*What is needed*: For the material below, reproduce exactly each line from the one that has "Used 2015 Nissan Rogue SV FWD image 22" through the one that has "2020乌鲁木齐疫情封路，一座城市的坚守与温度", and no others; pictures stay out.

*Material supplied*:
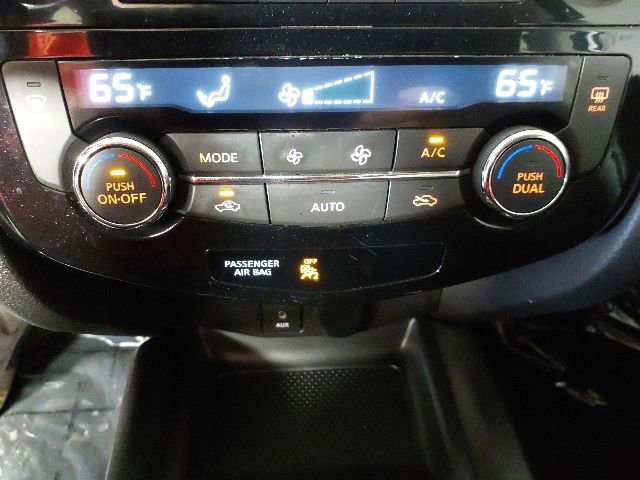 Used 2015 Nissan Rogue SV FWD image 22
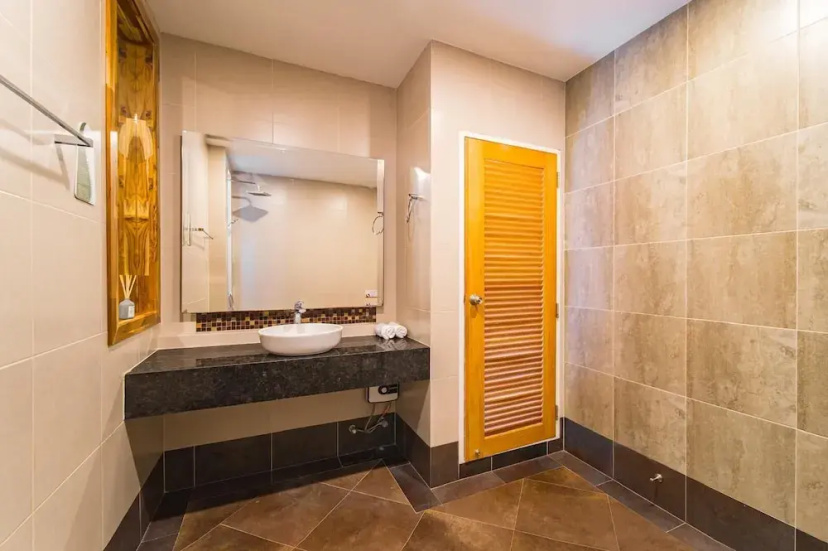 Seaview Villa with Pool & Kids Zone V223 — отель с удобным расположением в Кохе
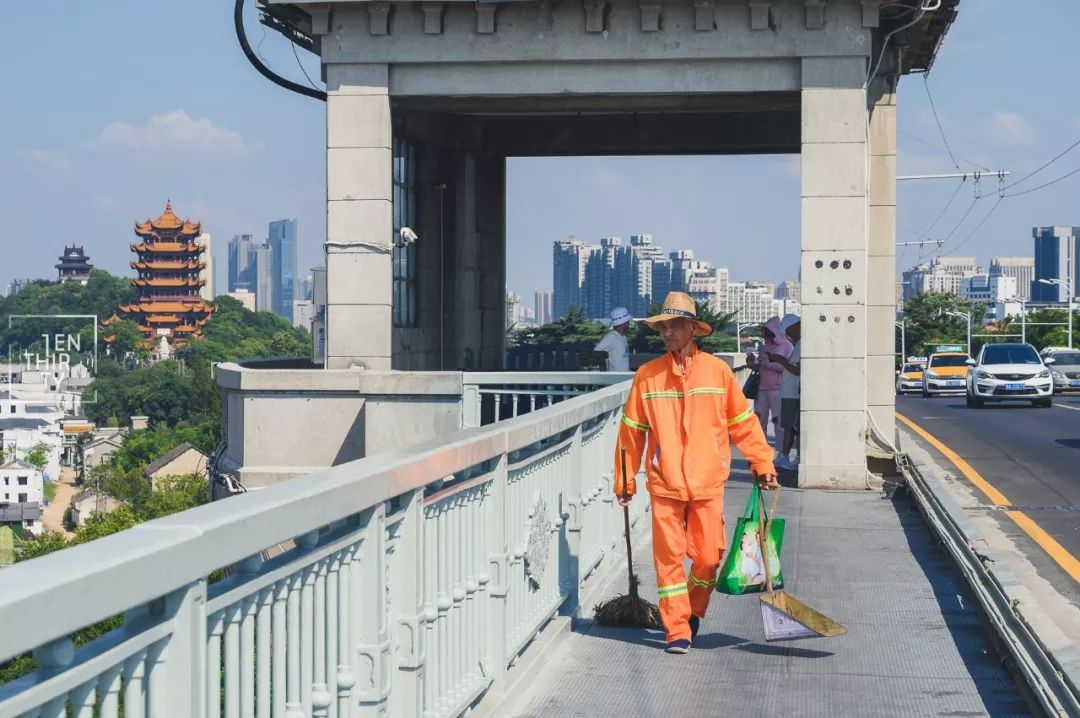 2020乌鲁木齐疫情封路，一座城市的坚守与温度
--
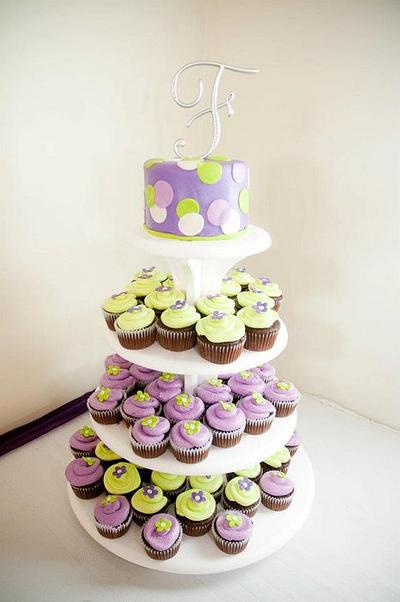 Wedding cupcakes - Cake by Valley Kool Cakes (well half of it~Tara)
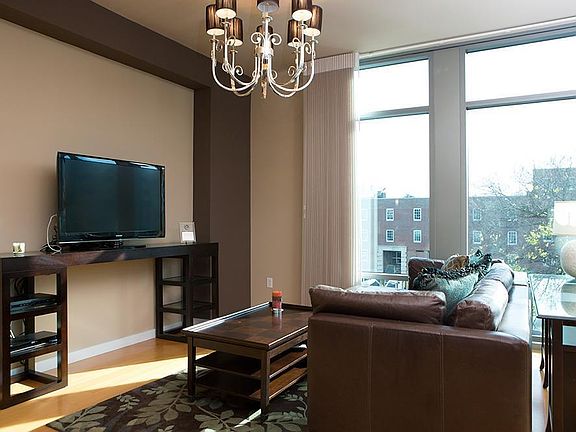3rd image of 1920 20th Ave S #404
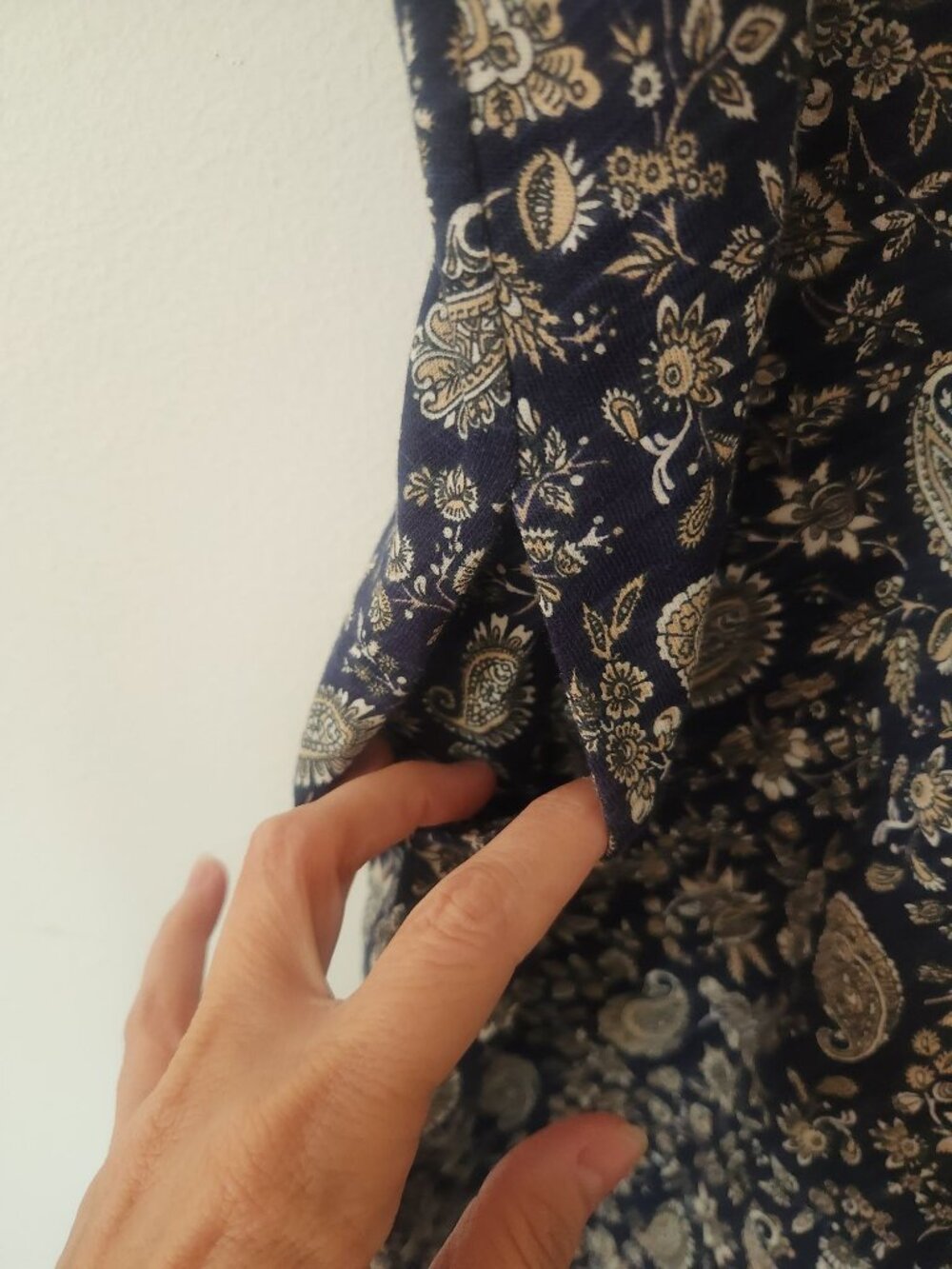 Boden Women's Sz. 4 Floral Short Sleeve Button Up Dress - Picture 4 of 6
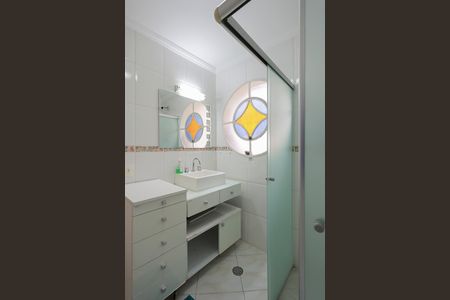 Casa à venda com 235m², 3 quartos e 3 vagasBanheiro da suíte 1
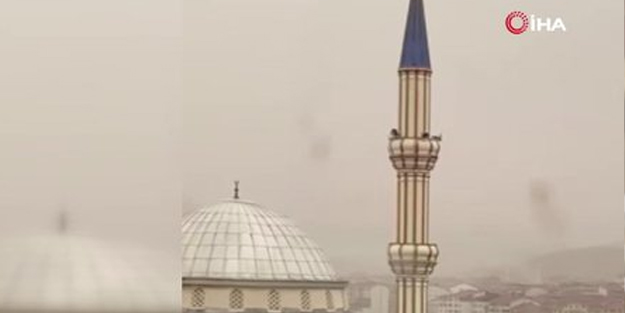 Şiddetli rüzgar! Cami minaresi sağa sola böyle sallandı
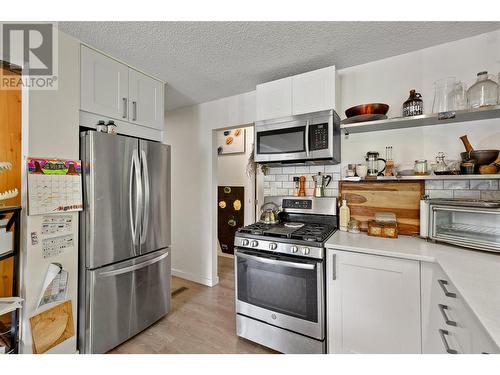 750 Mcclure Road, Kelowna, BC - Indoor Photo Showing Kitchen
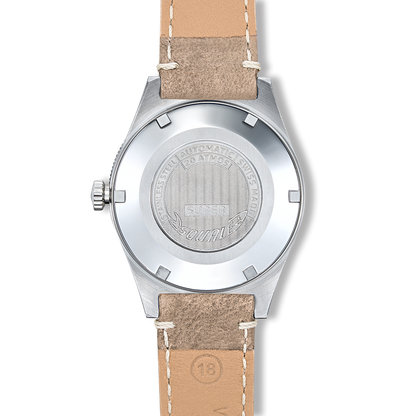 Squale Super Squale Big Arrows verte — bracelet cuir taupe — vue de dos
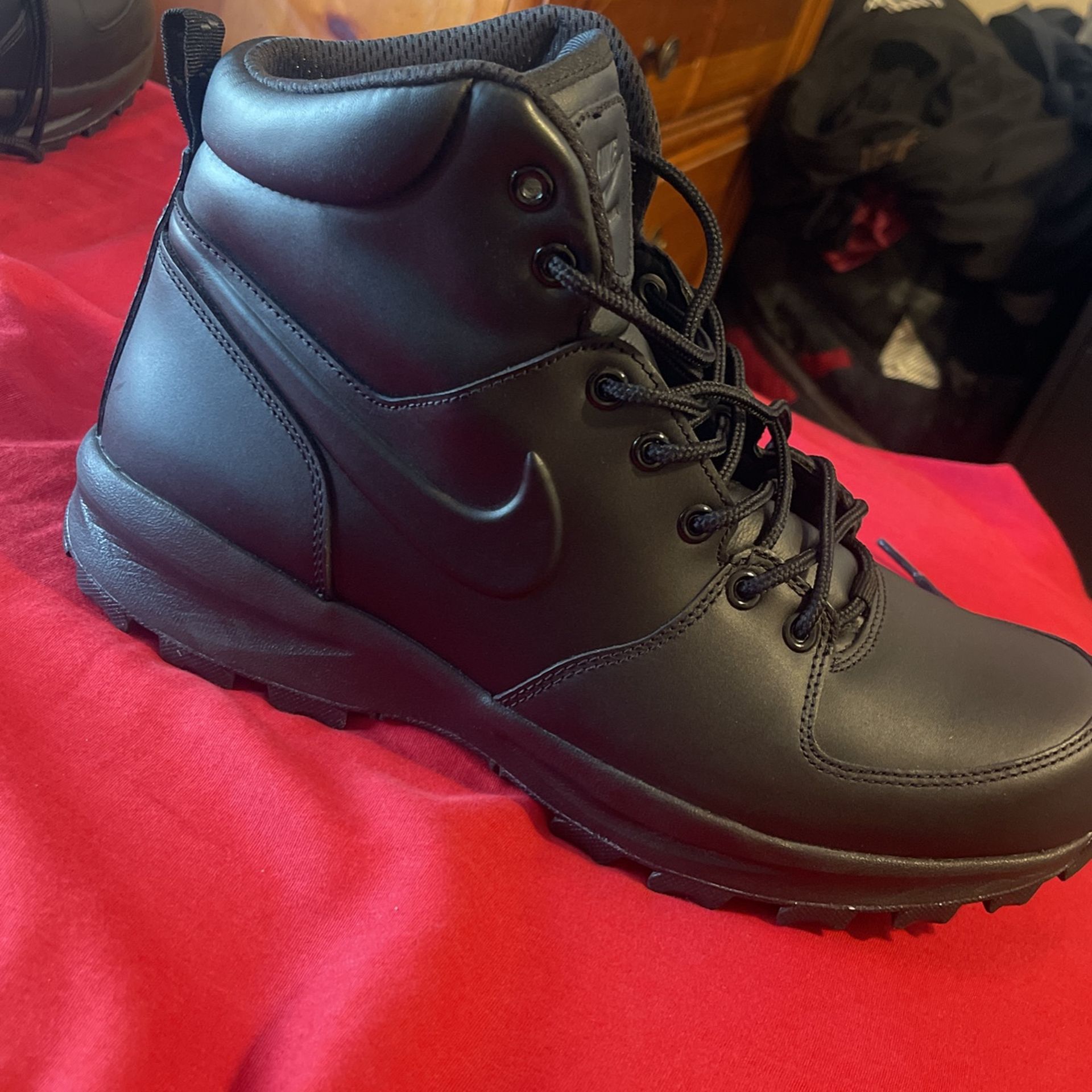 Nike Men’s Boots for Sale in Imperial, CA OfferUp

*Response to this task*:
 Used 2015 Nissan Rogue SV FWD image 22
 Seaview Villa with Pool & Kids Zone V223 — отель с удобным расположением в Кохе
 2020乌鲁木齐疫情封路，一座城市的坚守与温度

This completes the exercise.